2. Know what the banks look for.
Your best chance at landing bank financing is by thinking like a bank. Since most banks’ revenue model is fairly comparable, that is, the interest rates are somewhat similar, it comes down to you proving to them that you won’t default. This means that they have to take a wide variety of risk factors into consideration. Here are some of the most important things that banks look for that you need to be aware of:
- Industry. How risky is your industry as a whole? If you’re in a risky industry, do you have a plan to overcome the obstacles that your competition cannot?
- Risk analysis. Are your financials sound? How many years have you been in business? Do you have any outstanding debts or liabilities?
- Business plan and model. Will you be able to overcome changes in the economy? Do you have a model that can sustain growth?
- Your personal equity. Are you risking any of your own capital for the business? If the business fails, will you be able to make good on the loan?
3. Prepare your pitch carefully.
Falling short in one of the above areas isn’t atypical for businesses pitching banks. In fact, it’s quite common. After all, if you’re in a great industry, have a perfect plan, and have plenty of business and personal capital, you may not need a loan in the first place.
Even the Small Business Administration, the federal agency that underwrites many of these loans, states your loan application is how you can overcome any shortcomings. It includes a complete business plan, your company’s financial information, and at least three years of your business and personal tax returns. Spend as much time as possible on your business plan. Go over it carefully, making sure that your strategy and analysis makes sense. If your application has any shortcomings, take the time to address them thoroughly.
4. Consider your alternatives.
Landing financing is exciting, but it’s not time to celebrate. Instead, send the application to other banks. There’s a good chance you’ll be able to negotiate even more favorable terms with another lender.

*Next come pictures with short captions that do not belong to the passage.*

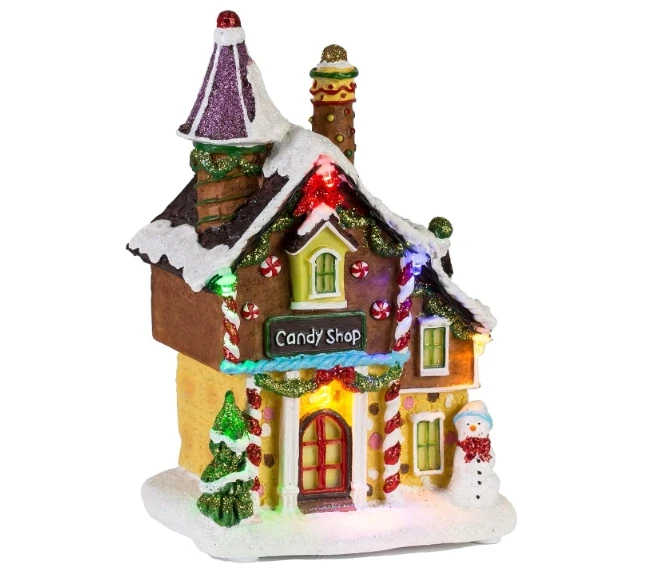 High Quality Christmas Candy Gingerbread House Decor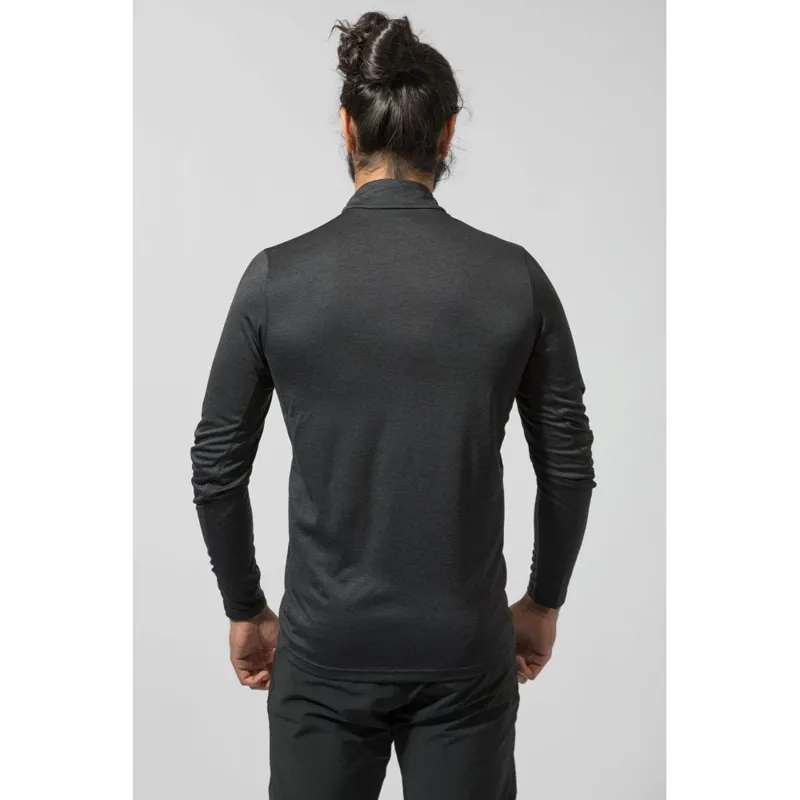 Montane Dart Zip-Neck T-Shirt in Black-4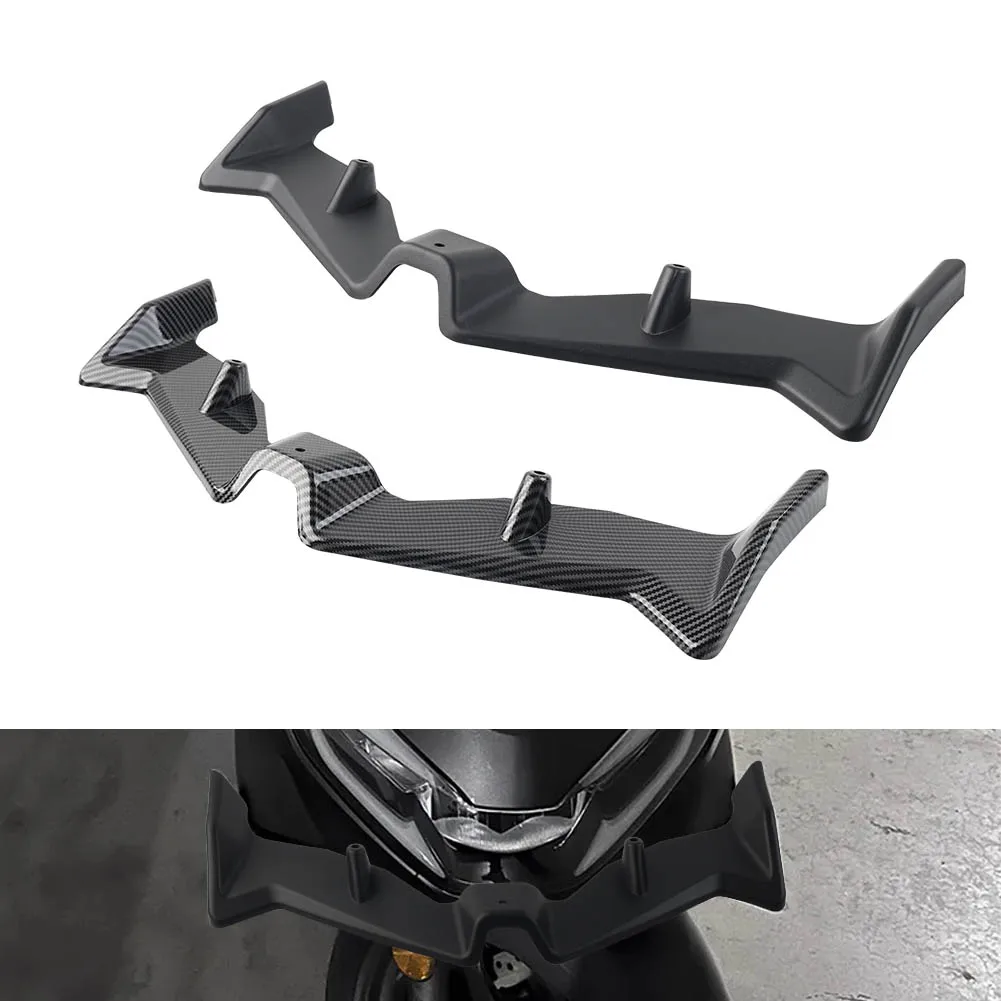 Motorcycle Front Fairing Pneumatic Winglets Tip Wing Protector Shell Cover For Honda PCX125 PCX160 PCX 125 160 2021 2022 2023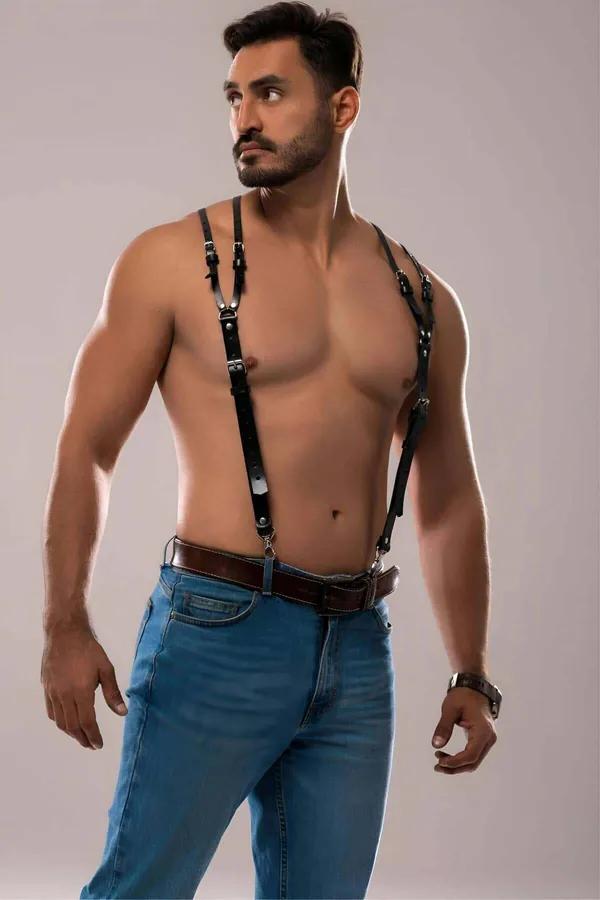 Adjustable Faux Leather Shoulder Harness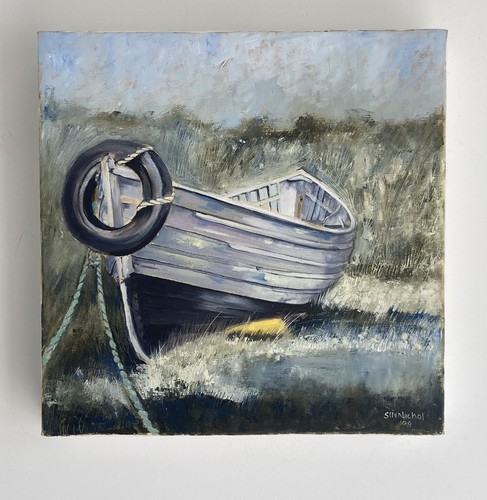Sue nichol oil canvas - sue, on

Even if you get declined by all the banks you apply to, it isn’t the end of the road. There are online lenders and private investors. You just have to be careful as they will likely ask for higher interest rates due to the higher risk, and again you just want to make sure that you will have the cash flows to support it.
Securing financing can be difficult, but following this advice gives you your best chance possible. Taking the time to prepare sets yourself apart from the competition and makes you seem like the kind of business banks want to lend their money to.